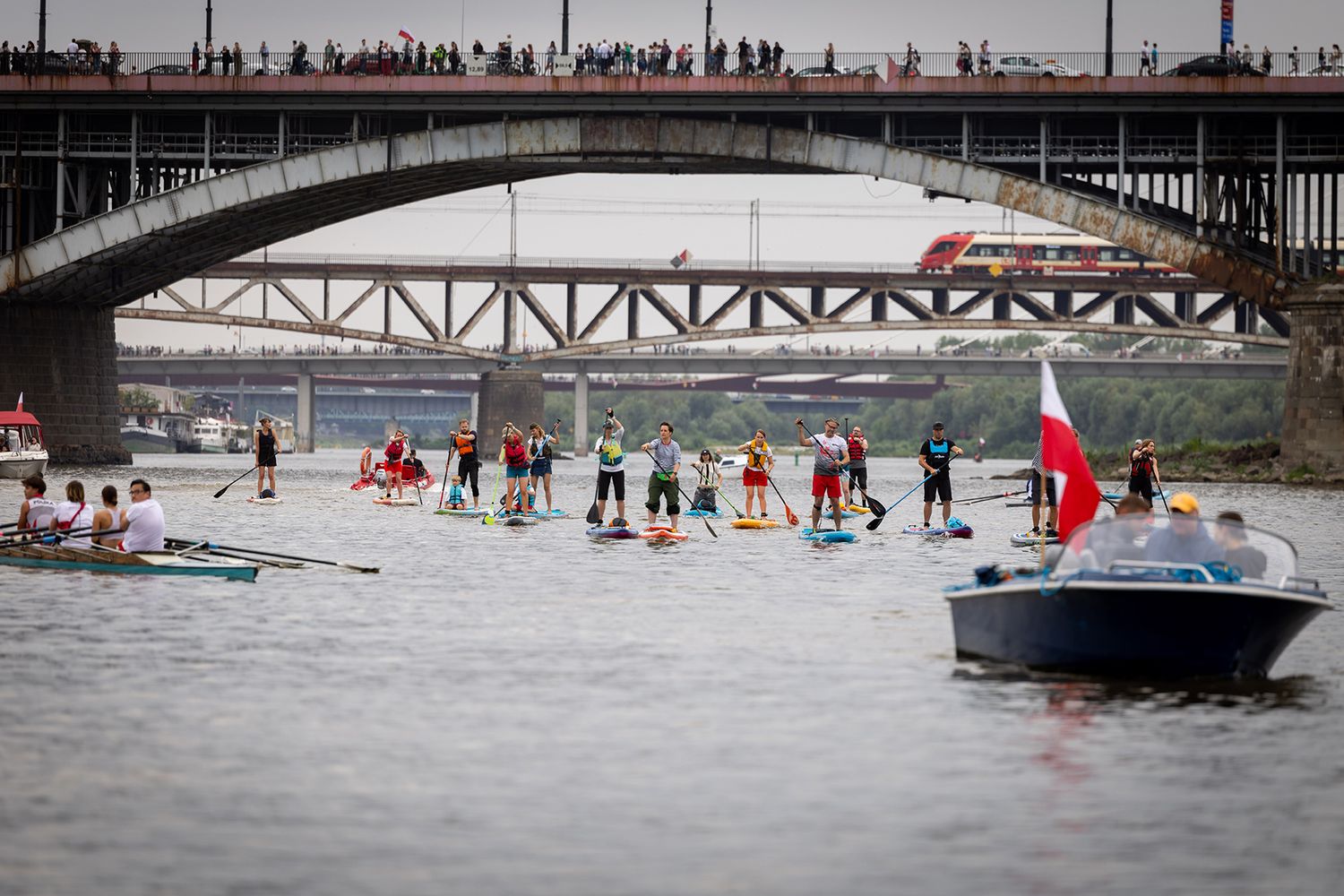 Stand-up paddleboarders and boats near a bridge with a Polish flag during a river event.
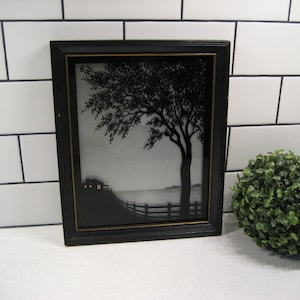 Może przedstawiać: Czarno-biała sylwetka przedstawiająca dom, drzewo i płot nad jeziorem. Dzieło jest oprawione w czarną ramę ze złotą ozdobą.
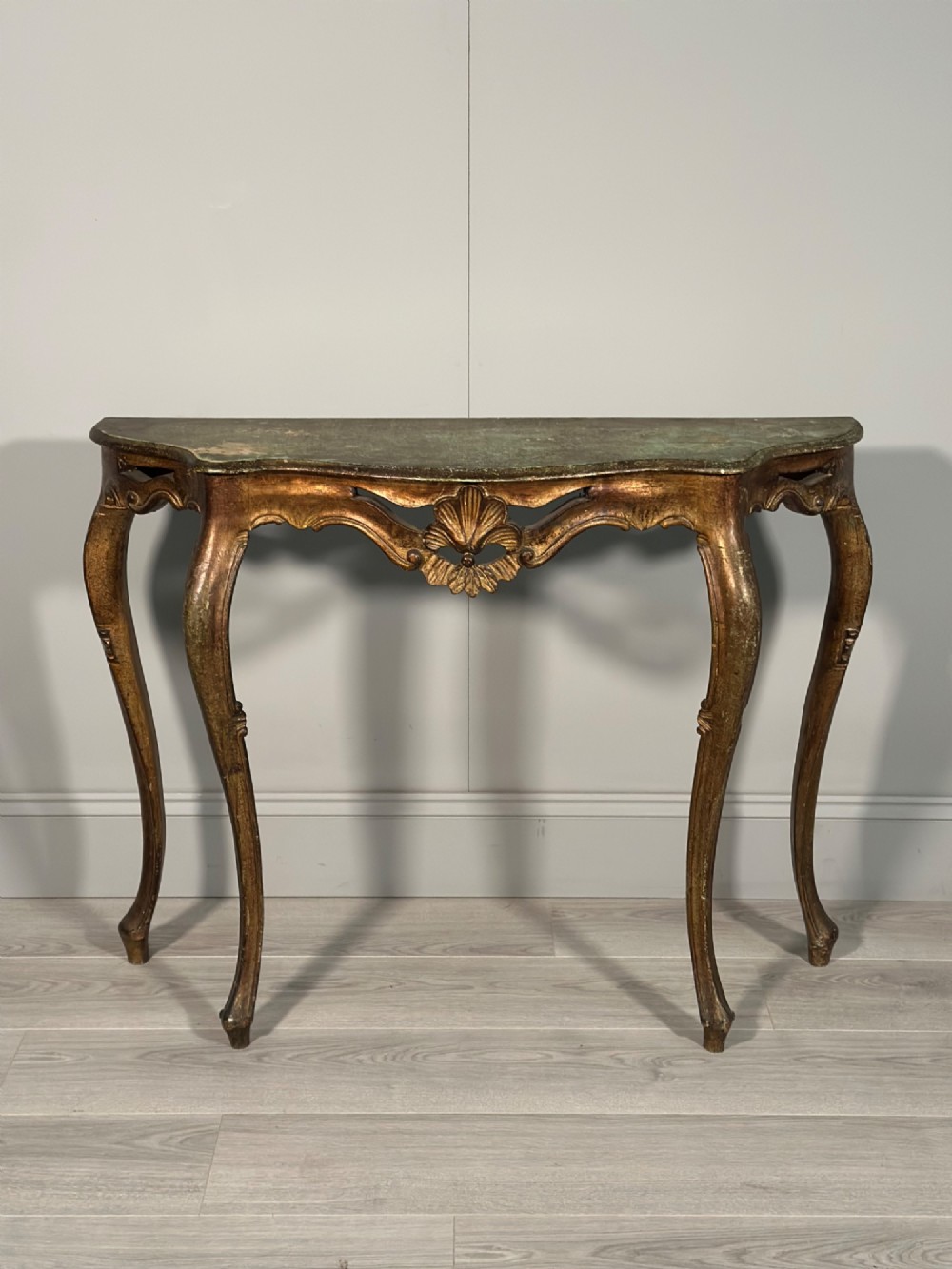 A Rococo style carved giltwood console table featuring cabriole legs, central shell motif, serpentine apron, and a dark marble top.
################
▸ **Work to complete**: From the line that contains "Może przedstawiać: Czarno-biała" to the last line of the data, print each line exactly, both ends included, and omit the pictures.

▸ **Answer box**:
 Może przedstawiać: Czarno-biała sylwetka przedstawiająca dom, drzewo i płot nad jeziorem. Dzieło jest oprawione w czarną ramę ze złotą ozdobą.
 A Rococo style carved giltwood console table featuring cabriole legs, central shell motif, serpentine apron, and a dark marble top.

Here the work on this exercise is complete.